Fatico a pensare come si possa professionalmente staccare da tanta difficoltà, a tutte le età. Ogni volta che entravo in quel reparto avvertivo l’energia di chi prova a vivere, come sospeso tra i giorni che passano con il destino legato ad una percentuale, a suoni robotici continui di macchine e sorrisi misti a incertezza. Avrei voluto abbracciarli tutti, sentire le storie, capire perché nell’assurdo calcolo della vita c’è chi è più fortunato e chi meno. Questo mi fa paura, molta paura. Forse proprio grazie a questa difficile esperienza ho pensato di più alla vita, sono fatalista e positivo per natura, ma ho voluto andare un po’ più in profondità e mi sono detto che se devo avere paura, non l’avrò per una psicosi generalizzata. Avrò rispetto, non paura. NO, la paura è un sentimento che merita un rispetto più profondo di questo.
Non può essere “buttata via” così.

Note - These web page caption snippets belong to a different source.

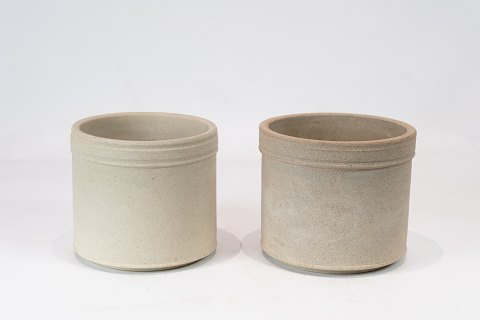 To små keramik urtepotteskjuler af Herman A. Kähler.
5000m2 udstilling.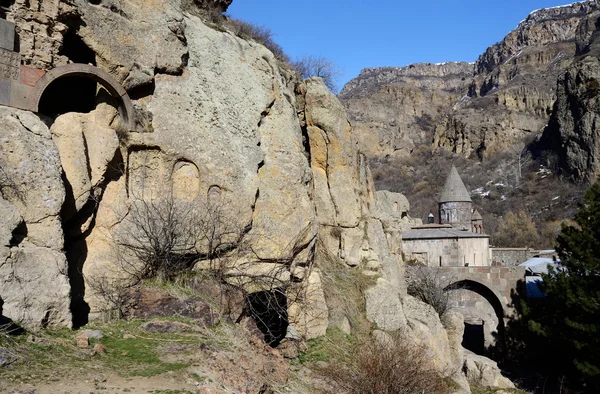 Vista del monasterio de roca de Geghard con antiguos khachkars, Armenia, Cáucaso, patrimonio de la humanidad de la Unesco —  Fotos de Stock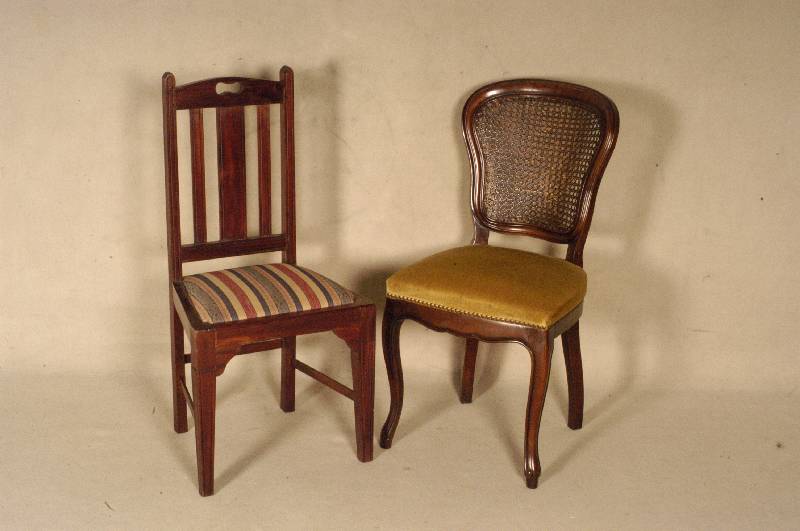 4 StÜhle, Italien, Louis-Philippe-Stil, Buche massiv, nußbaumfarben, Bezug und Korbgeflecht in gutem Zustand, leicht abgenutzt, ca. 95x48x41 cm, ...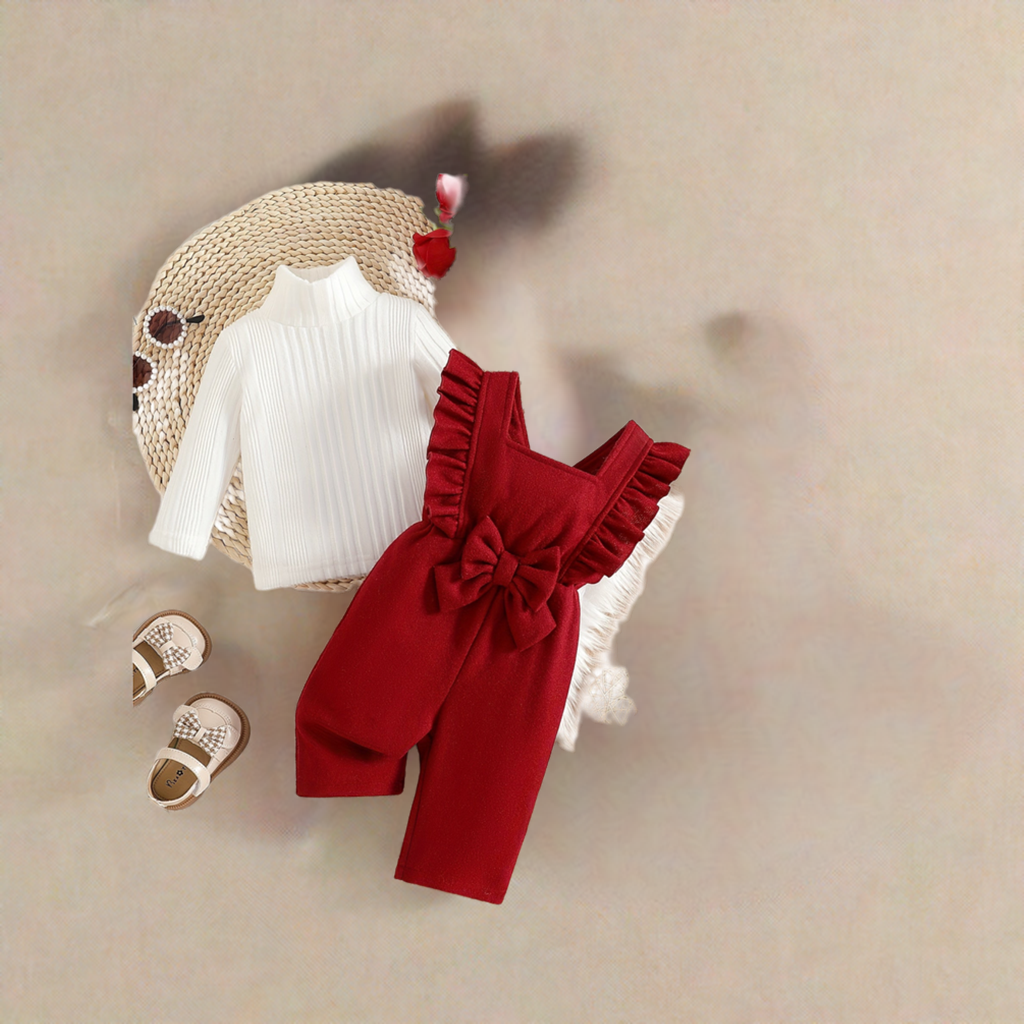 Barboteuse avec haut à col roulé et pantalon long.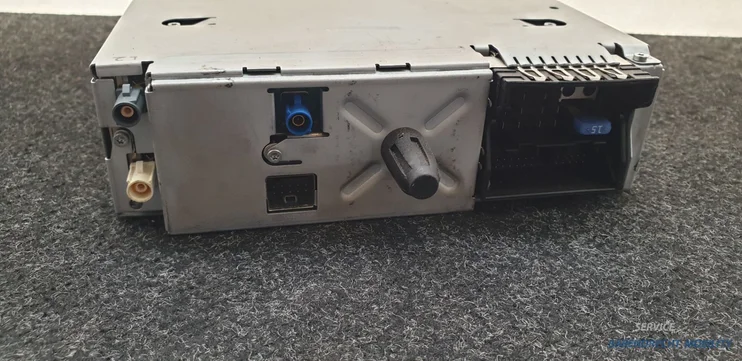 rneg-radio-cd-speler-met-bluetooth-en-navigatie-96661984xt-citroen-peugeot-origineel-gebruikt-2009-2013 — foto 3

Ieri in un post di un amico (Damiano Crivelli che virgoletterò tra poco) ho letto dell’opportunità che stiamo rivivendo nei nostri paesi, del fatto che ci siamo accorti di avere un vicino di casa, dello spirito di gruppo “Si, tutti noi abbiamo paura di ammalarci, ma ci sono malattie più gravi, che fanno molta più paura, e che non vengono considerate perché non se ne parla molto. E allora non pensiamoci, e facciamo la spesa nei nostri negozietti, usciamo per le strade e facciamo una passeggiata senza doverci spostare con l'auto e fare centinaia di chilometri, fermiamoci all'osteria di paese e beviamoci un bel bicchiere di vino (meglio se locale), incontriamo la gente del nostro paese, che non abbiamo mai conosciuto”.
Io non ho paura e ho voglia di mangiare la vita anche per quelli che, meno fortunati per quello strano destino che si chiama vita, non possono più farlo.